Difference from Ascorbic Acid:
Ascorbic Acid is a free organic acid (acidic).
Sodium Ascorbate is the salt form of this acid (less acidic, more neutral).
Advantage: Due to its lower acidity, it is gentler on the stomach. It is often used as an alternative to ascorbic acid in supplements for individuals with gastrointestinal issues (such as gastritis or acid reflux).
Appearance: White to slightly yellow crystalline powder.
Odor: Odorless.
Melting Point: 218 °C (decomposes).
Solubility:
In Water: Highly soluble. Approximately 62 g/100 mL of water at 25 °C.
In Alcohols: Slightly soluble in ethanol, methanol, and isopropyl alcohol.
Stability: Relatively stable in its dry, powdered form.
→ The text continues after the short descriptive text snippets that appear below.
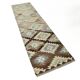 3x10 Cream & Brown Vintage Kilim Runner Rug, 81x306Cm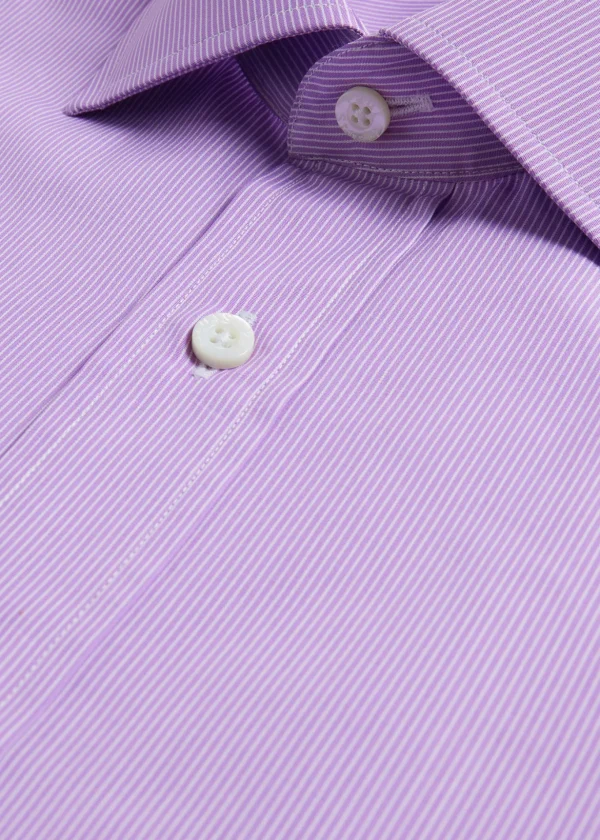 Fine Line Slim Fit Dress Shirt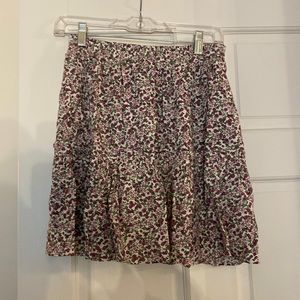 NWT Love Ady flowered skirt, size M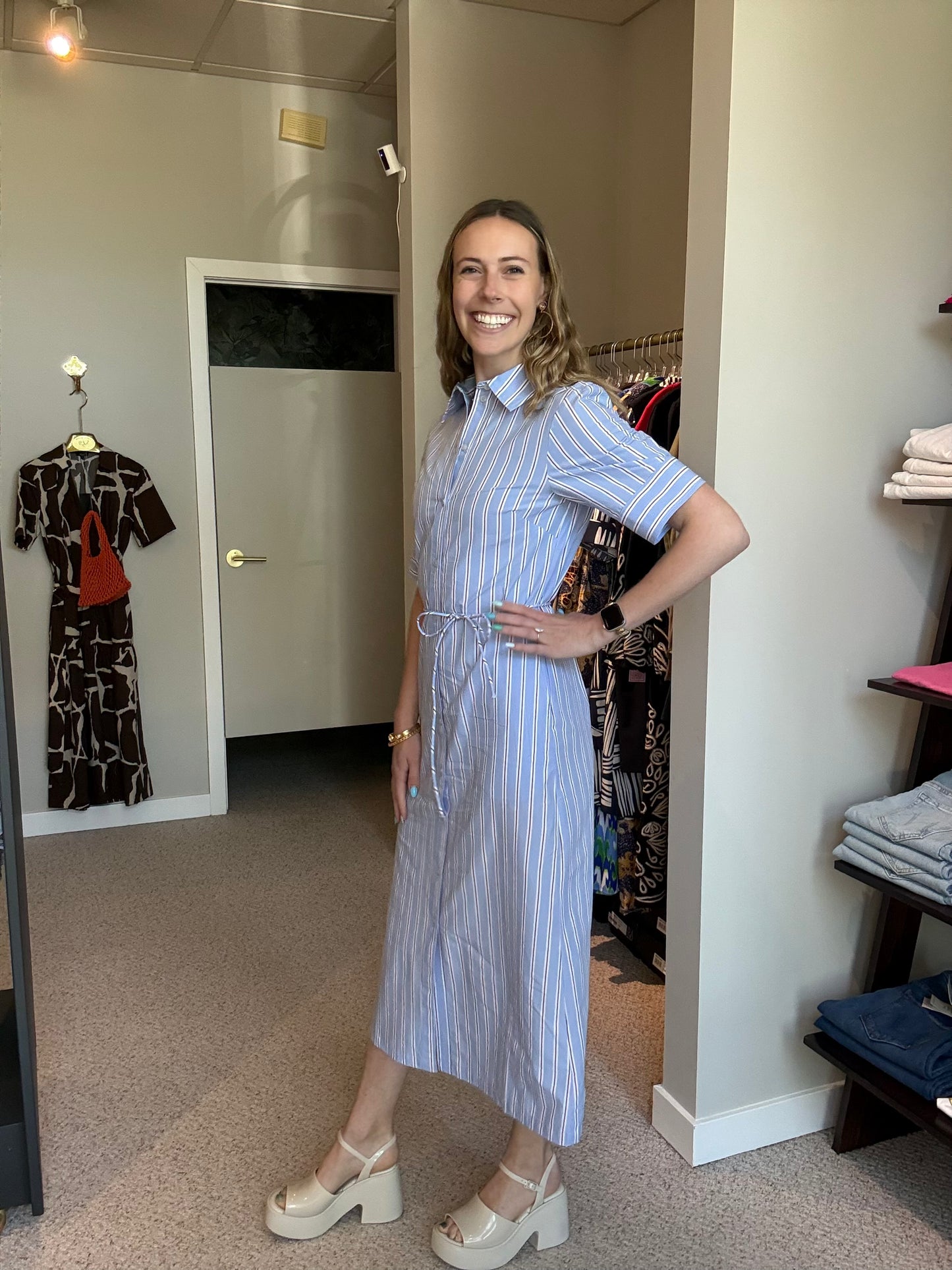 Bevera Striped Dress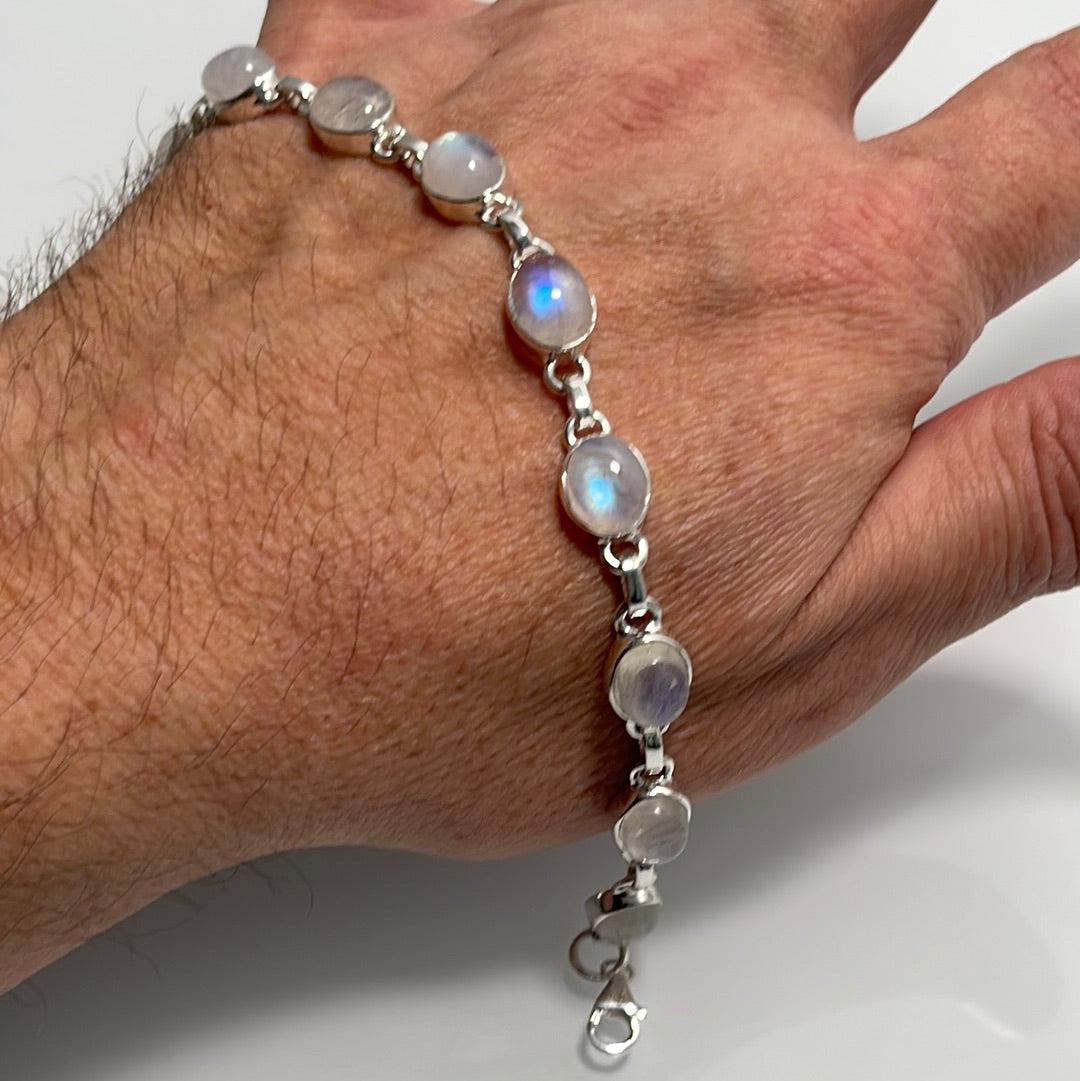 Moonstone Bracelet Adjustable 7.5-8”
However, it is susceptible to oxidation when in solution and exposed to air.
Storage Recommendations:
Store in a cool, dry place.
Protect from direct sunlight and light.
Keep containers tightly closed to prevent exposure to air (oxygen).
A. Pharmaceutical and Medical Sector:
Vitamin C Deficiency: Used as an active ingredient in medications for treating and preventing scurvy.
Parenteral Nutrition: Used as a vitamin C source in intravenous (IV) infusion drugs.
Oncology Support: Utilized in high-dose intravenous Vitamin C treatments under medical supervision.
Gastrointestinal Compatibility: Preferred over ascorbic acid in formulations (effervescent tablets, capsules) for patients with sensitive stomachs.
B. Food Industry:
Antioxidant: Used to prevent oxidation (browning or rancidity) in various food products.
Antimicrobial Agent: Helps inhibit microbial growth in food.
Meat Processing (Curing Agent): Used in the production of sausages, ham, and processed meats, often in combination with substances like Sodium Tripolyphosphate or Tetrasodium Pyrophosphate (TSPP), to maintain color and act as a preservative.